Polskie legendy: Smok z Scholtenbergu
Dawno temu, na wyspie zwanej Wielką Żuławą, znajdowało się wzgórze Scholtenberg. W znajdującej się w nim jaskini mieszkał wielki smok o płonących żarem ślepiach. Bestia często unosiła się na swoich potężnych skrzydłach nad wodami Jezioraka i polowała na rybaków rozstawiających sieci. Na całą okolicę padł blady strach. Jednak pewien rybak zaczął snuć plany o pozbyciu się uciążliwego smoka. Był sprytny, wierzył w swoje szczęście, a narażając codziennie życie w walce i ryby, zapomniał co to strach.

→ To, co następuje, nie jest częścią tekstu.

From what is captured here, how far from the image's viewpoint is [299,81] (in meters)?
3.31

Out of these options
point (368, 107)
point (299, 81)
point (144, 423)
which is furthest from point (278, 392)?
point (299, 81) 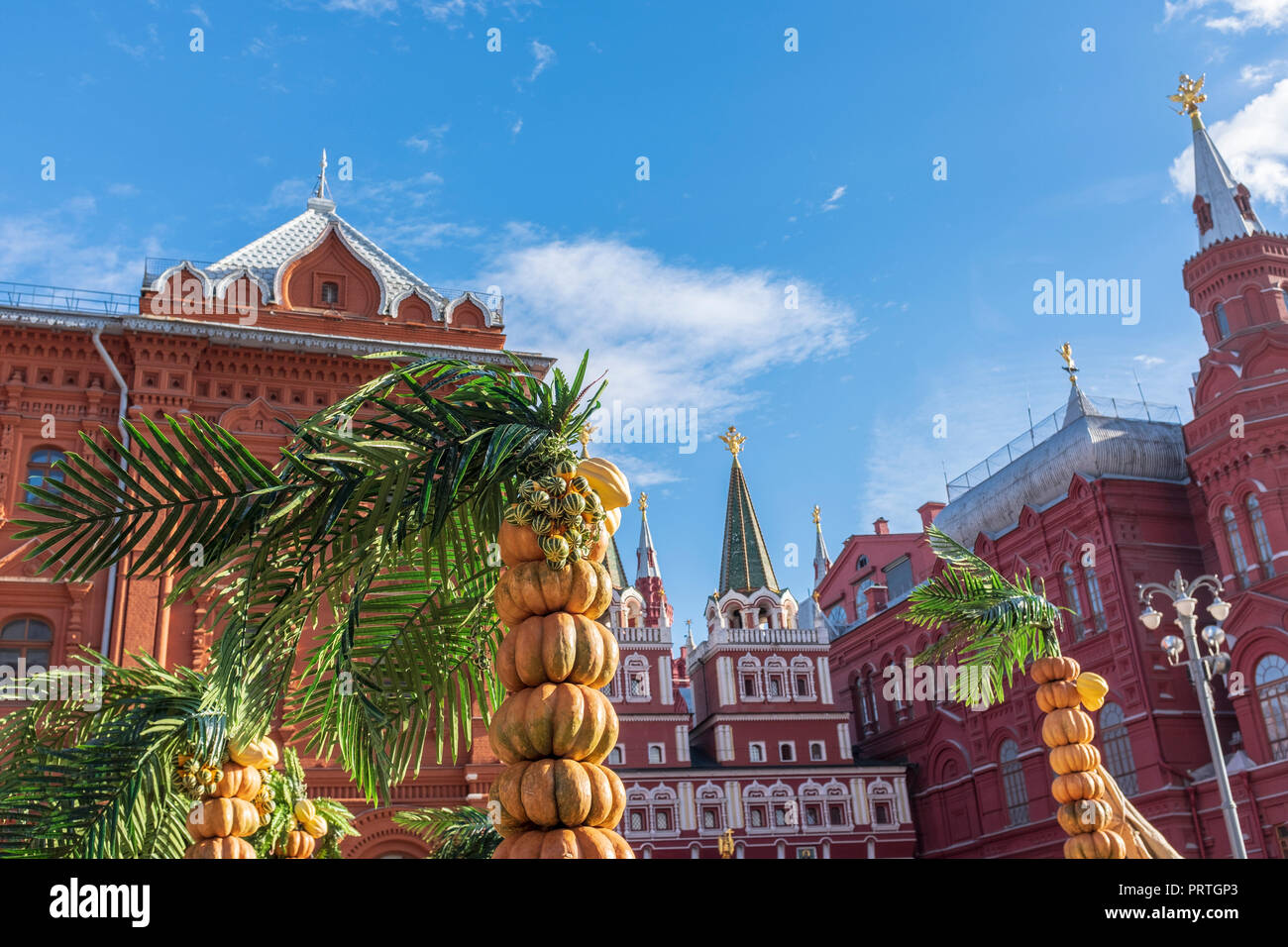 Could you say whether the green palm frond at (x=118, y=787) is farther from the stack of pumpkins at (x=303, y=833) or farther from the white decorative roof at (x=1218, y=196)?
the white decorative roof at (x=1218, y=196)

W pogodny dzień wypłynął na jezioro i skierował swą łódź ku Wielkiej Żuławie. Nie wziął ze sobą żadnej broni, miał tylko rybacką sieć. Z uwagą wpatrywał się w Scholtenberg, aż wreszcie dostrzegł wściekle czerwone oczy wyłaniające się z jaskini, a już po chwili spokojne wody wzburzyły uderzenia skrzydeł. Smok ryknął i runął wprost na rybaka. Ale mężczyzna wszystko zaplanował. Zeskoczył do jeziora i przepłynął pod łodzią na jej drugą stronę. Gdy się wynurzył, dostrzegł smoczy ogon. Bez chwili wahania narzucił na bestię sieć. Potwór próbował wzbić się w górę, ryczał i zionął ogniem. Nie dał jednak rady uwolnić się z mokrej, ciężkiej rybackiej sieci. W końcu padł bez sił i zniknął pod powierzchnią Jezioraka.
Rybak resztką sił dociągnął smoka na brzeg. Natychmiast okrzyknięto go bohaterem. Ludzie z całej okolicy przybywali, by na własne oczy zobaczyć pokonaną bestię. Wreszcie uzbierano wielki stos drewna i smoły i spalono potwora, a nad Jeziorakiem zapanował upragniony spokój.